PT: Explain the problems that pro-lifers have with the UN’s sustainable development goals.

MW: The Sustainable Development Goals seem like noble objectives to improve the quality of life for humans around the world; however, many of the 17 goals have embedded pro-abortion language, which has allowed UN agencies to promote abortion globally. The SDGs which are a rebrand of the failed Millenium Goals, have distorted development and sustainability into an anti-life, anti-family blueprint for population control.

PT: How do you explain the chasm between the idea of the UN as an international body that promotes peace, and the reality that it pushes left-wing ideologies on life and family?

MW: The UN was founded after the atrocities of World War II as a global mechanism (A), to prevent another world war and (B), to ensure that another Holocaust would never happen. These were noble and necessary goals that helped foster international cooperation and peacekeeping. However, since the 1960s, the UN has been increasingly co-opted by population control advocates who, under the guise of promoting human rights, and economic and social development, have steadily betrayed the organization’s founding principles.

PT: If countries can and regularly do ignore UN treaties, why should pro-lifers care what happens at Turtle Bay (UN headquarters in New York City) and its various agencies?

MW: Treaties ratified by a country are legally binding, though some nations do violate them. UN resolutions and recommendations, while technically non-binding, often evolve into “soft laws” shaping global norms, guiding national policies, exerting diplomatic pressure, and unlocking funding for UN agencies. For example, former Canadian Prime Minister Justin Trudeau was emboldened by pro-abortion outcomes from Turtle Bay and Geneva, and incorporated them into both domestic and foreign policy. So why should pro-lifers care—and be present—at the UN? Because when we ignore the UN, we surrender influence and cultural ground to those who oppose life and family, and the effects of it spread to our own backyard.

PT: It seems that the harm of the UN waxes and wanes depending partly on who is in the White House. Are there other, more certain and permanent changes that the UN could undergo to make it less hostile to life and family? What kind of reforms would make the United Nations less anti-life and anti-family?

MW: If we want to reform the United Nations, we need to follow the money. Without the United States mighty dollar, the United Nations would cease to exist. Trump’s defunding commitment was a massive wake-up call to the UN executive and its many agencies. Will they listen though? Apart from funding, the UN can return to moral neutrality by restoring sovereignty, removing ideological language from UN documents, and reinforcing its founding principles which see the family as the natural unit of society, and human life as worthy of protection before and after birth.

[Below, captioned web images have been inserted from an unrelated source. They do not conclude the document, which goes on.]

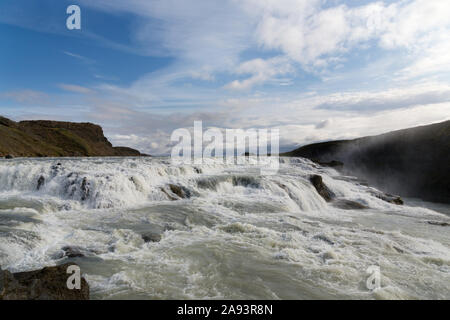 Une vue à couper le souffle de Gullfoss chute à deux niveaux situé dans le canyon de la rivière Hvita sur le cercle d'or dans le sud-ouest, l'Islande Banque D'Images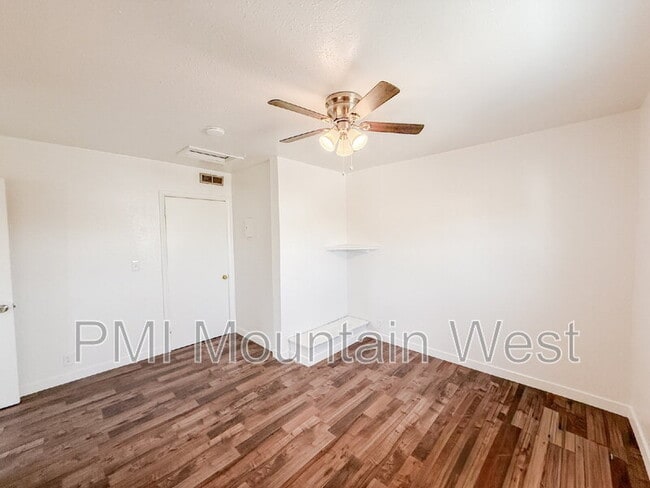 Building Photo - 9068 Main St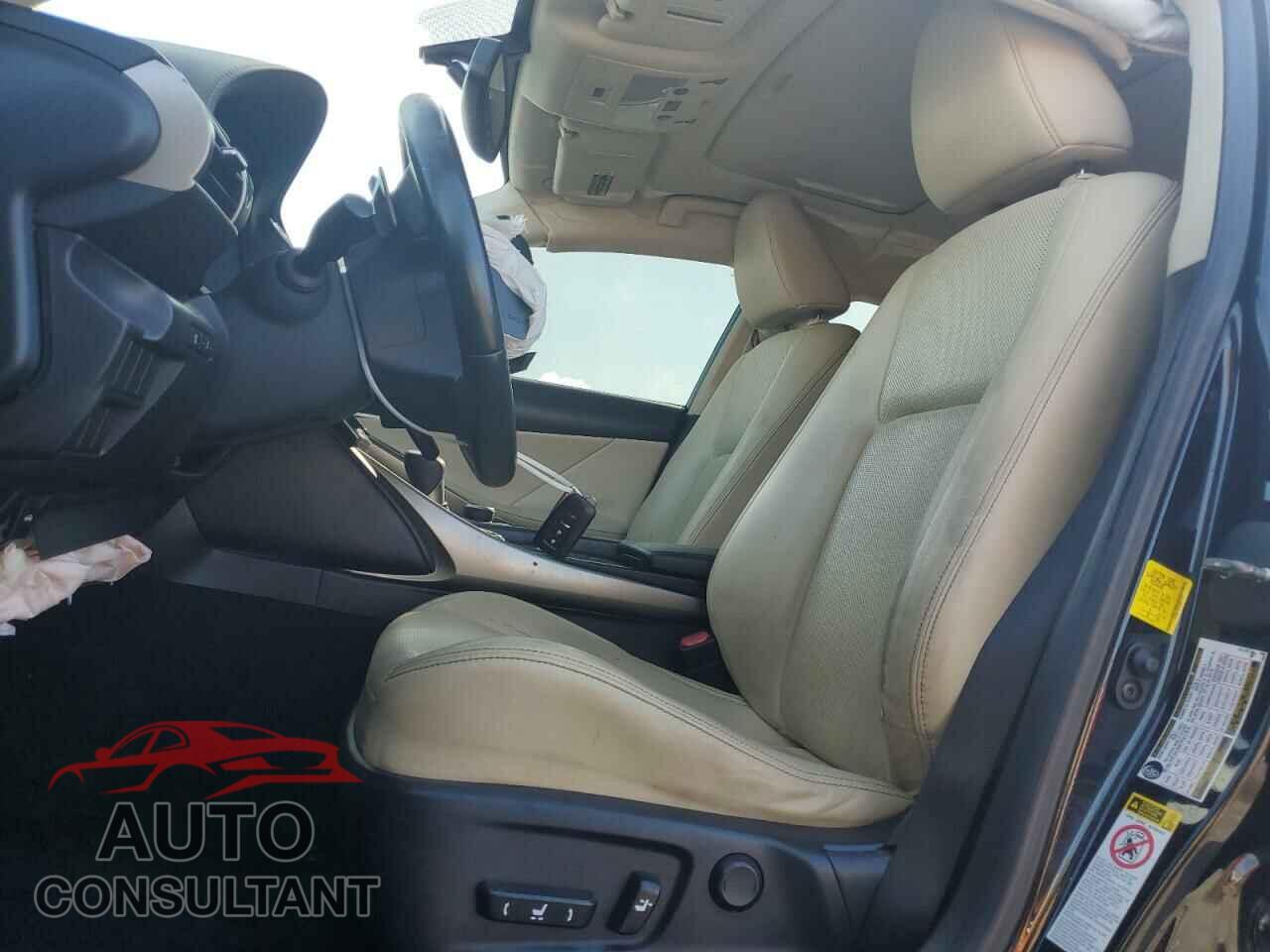 LEXUS IS 2014 - JTHBF1D22E5029775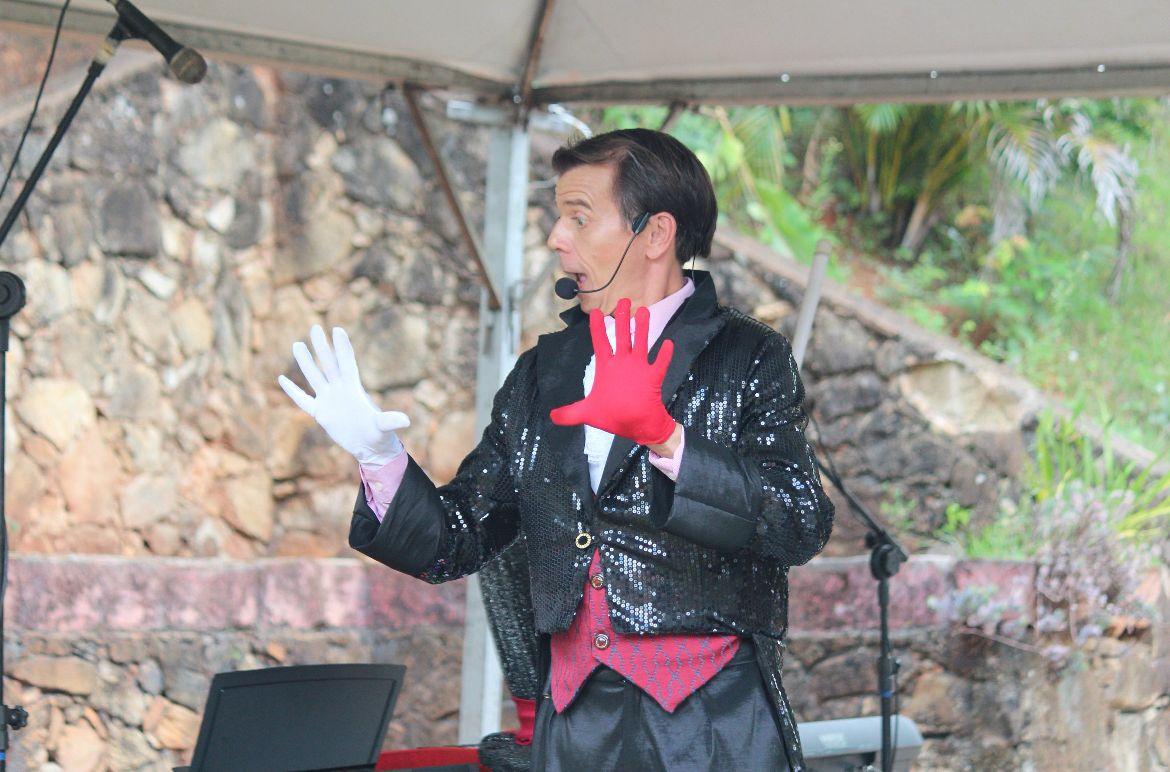 Últimos dias do circo gratuito em Mário Campos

PT: Social conservatives often criticize the UN’s undermining of sovereignty by pushing woke ideologies under the umbrella of whatever cause the international body is highlighting — the environment, women’s issues, development, housing — but then social conservatives applaud when one of its branches highlights our issues. As an example, this year, two of our issues are euthanasia for people with disabilities and the exploitation of women through surrogacy. Is it more important for the UN to “stay in its lane” or promote pro-life and pro-family policies? What should pro-lifers want from the UN?

MW: Pro-lifers want the UN to return to its founding principles: a forum where member states collaborate to improve the quality of life for every human being and promote global peace. The UN’s greatest challenge, however, is the constant clash of worldviews among its members. It’s like a Thanksgiving dinner where people with vastly different political, cultural, and religious beliefs are forced to sit together and break bread. If that rarely works in a single family, how much harder is it among nearly 200 nations—and thousands of NGOs—all competing to be heard?